I ask this question out of curiosity rather than difficulty, as I always learn from you, even on unrelated topics.
So, consider the following method, written in C++ and linked with g++. This method works fine, as everything is initialized to the correct size.
extern "C"
{
void retrieveObject( int id, char * buffer )
{
Object::Object obj;
extractObject( id, obj );
memcpy( buffer, &obj, sizeof(obj) );
}
}
// Prototype of extractObject
const bool extractObject( const int& id, Object::Object& obj ) const;
Now, I would like to avoid declaration of a local Object and use of memcpy.
I tried to replace retrieveObject with something like :
void retrieveObject( int id, char * buffer )
{
// Also tried dynamic_cast and C-Style cast
extractObject( id, *(reinterpret_cast<Object::Object *>(buffer)) );
}
It compiles and links successfully, but crashes right away. Considering that my buffer is large enough to hold an Object, does C++ need to call the constructor to “shape” the memory ? Is there another way to replace local variable and memcpy ?
I hope I was clear enough for you to answer, thank you in advance.
In your first effort…
…you still had the compiler create the local variable obj, which guarantees correct alignment. In the second effort…
…you’re promising the compiler the buffer points to a byte that’s aligned appropriately for an Object::Object. But will it be? Probably not, given your run-time crash. Generally, char*s can start on any given byte, where-as more complex objects are often aligned to the word size or with the largest alignment needed by their data members. Reading/writing ints, doubles, pointers etc. inside Object::Object may only work when the memory is properly aligned – it depends a bit on your CPU etc., but on UNIX/Linux, misalignment could generate e.g. a SIGBUS or SIGSEGV signal.

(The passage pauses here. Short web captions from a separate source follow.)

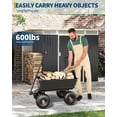 thumbnail image 6 of 600 LBS Heavy Duty Poly Dump Cart, 10" No-Flat Tires, 180° Rotating Handle & Quick-Release for Garden Landscaping, 6 of 6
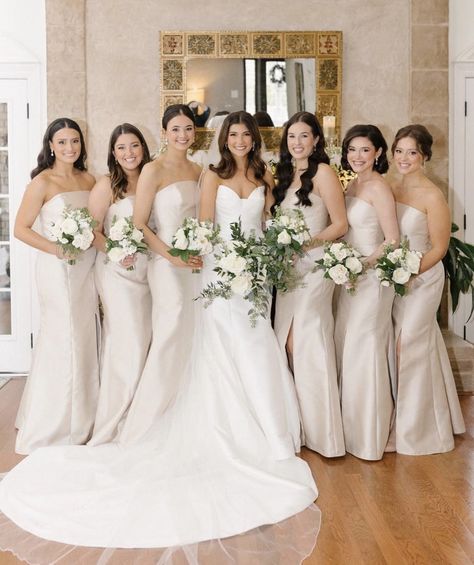 Off White Bridesmaid Dresses Ivory, Off White Bridesmaid Dresses, Ivory Bridesmaids, Wedding August, Ivory Bridesmaid Dresses, White Wedding Theme, White Bridesmaid, White Bridesmaid Dresses, August 22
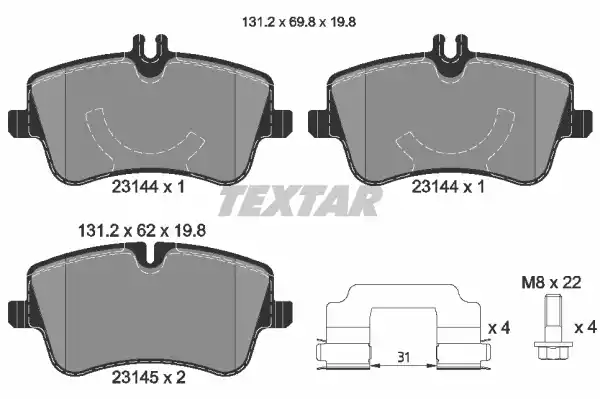 Τακάκια Σετ MERCEDES C CLASS 2000 - 2003 ( W203 ) TEXTAR 2314401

To explain this, let’s consider a simple CPU/memory architecture. Say the memory allows, in any given operation, 4 bytes (a 32-bit architecture) to be read from addresses 0-3, 4-7, or 8-11 etc, but you can’t read 4-byte chucks at addresses 1-4, 2-5, 3-6, 5-8…. Sounds strange, but that’s actually quite a common limitation for memory, so just accept it and consider the consequences. If we want to read a 4-byte number in memory – if it’s at one of those multiple-of-4 addresses we can get it in one memory read, otherwise we have to read twice: from one 4-byte area containing part of the data, then the other 4-byte area containing the rest, then throwing away the bits we don’t want and reassembling the rest in the proper places to get the 32-bit value into the CPU register/memory. That’s too slow, so languages typically take care to put values we want where the memory can access them in one operation. Even the CPUs are designed with this expectation, as they often have instructions that operate on values in memory directly, without explicitly loading them into registers (i.e. that’s an implementation detail beneath even the level of assembly/machine code). Code that asks the CPU to operate on data that’s not aligned like this typically results in the CPU generating an interrupt, which the OS might manifest as a signal.
That said, the other caveats about the safety of using this on non-POD data are also valid.